Wolfson Centre for Young People's Mental Health, Section of Child and Adolescent Psychiatry, Division of Psychological Medicine and Clinical Neurosciences, School of Medicine, Cardiff University, Cardiff, UK.
MRC Centre for Neuropsychiatric Genetics and Genomics, Division of Psychological Medicine and Clinical Neurosciences, School of Medicine, Cardiff University, Cardiff, UK.
J Child Psychol Psychiatry. 2023 Mar;64(3):367-375. doi: 10.1111/jcpp.13704. Epub 2022 Sep 12.
Parental depression is common and is a major risk factor for depression in adolescents. Early identification of adolescents at elevated risk of developing major depressive disorder (MDD) in this group could improve early access to preventive interventions.
Using longitudinal data from 337 adolescents at high familial risk of depression, we developed a risk prediction model for adolescent MDD. The model was externally validated in an independent cohort of 1,384 adolescents at high familial risk. We assessed predictors at baseline and MDD at follow-up (a median of 2-3 years later). We compared the risk prediction model to a simple comparison model based on screening for depressive symptoms. Decision curve analysis was used to identify which model-predicted risk score thresholds were associated with the greatest clinical benefit.
The MDD risk prediction model discriminated between those adolescents who did and did not develop MDD in the development (C-statistic = .783, IQR (interquartile range) = .779, .778) and the validation samples (C-statistic = .722, IQR = -.694, .741). Calibration in the validation sample was good to excellent (calibration intercept = .011, C-slope = .851). The MDD risk prediction model was superior to the simple comparison model where discrimination was no better than chance (C-statistic = .544, IQR = .536, .572). Decision curve analysis found that the highest clinical utility was at the lowest risk score thresholds (0.01-0.05).
The developed risk prediction model successfully discriminated adolescents who developed MDD from those who did not.

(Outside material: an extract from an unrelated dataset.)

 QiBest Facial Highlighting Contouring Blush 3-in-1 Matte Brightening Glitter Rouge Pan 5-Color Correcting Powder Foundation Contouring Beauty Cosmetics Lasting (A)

In practice, this model could be further developed with user involvement into a tool to target individuals for low-intensity, selective preventive intervention.
父母抑郁在青少年中很常见,是青少年抑郁的主要危险因素。在该群体中,早期识别有发生重度抑郁障碍(MDD)风险的青少年,可改善他们早期获得预防干预的机会。

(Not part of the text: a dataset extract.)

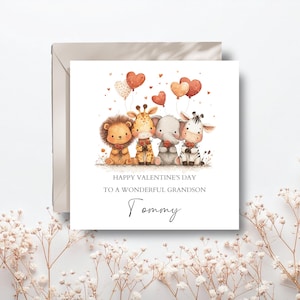 パーソナライズされたサファリバレンタインデーカード、サファリ動物のバレンタインカード（男の子、女の子、孫、娘、姪、息子、動物好きの方向け）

我们利用来自 337 名有抑郁家族高风险的青少年的纵向数据,为青少年 MDD 建立了风险预测模型。该模型在一个有抑郁家族高风险的 1384 名青少年的独立队列中进行了外部验证。我们在基线评估预测指标,并在随访时(中位随访时间为 2-3 年后)评估 MDD。我们比较了风险预测模型与基于抑郁症状筛查的简单比较模型。决策曲线分析用于确定与最大临床获益相关的模型预测风险评分阈值。
MDD 风险预测模型在发展队列(区分度 C 统计量=0.783,IQR(四分位间距)=0.779,0.778)和验证样本(区分度 C 统计量=0.722,IQR=0.694,0.741)中均能区分出那些患有和未患有 MDD 的青少年。验证样本中的校准良好至优秀(校准截距=0.011,C-斜率=0.851)。MDD 风险预测模型优于简单比较模型,后者的区分度不如随机(区分度 C 统计量=0.544,IQR=0.536,0.572)。决策曲线分析发现,最高的临床实用性在最低风险评分阈值(0.01-0.05)。
所开发的风险预测模型成功地区分出患有 MDD 的青少年和未患有 MDD 的青少年。在实践中,该模型可以通过用户参与进一步开发成一种针对个体的低强度、选择性预防干预工具。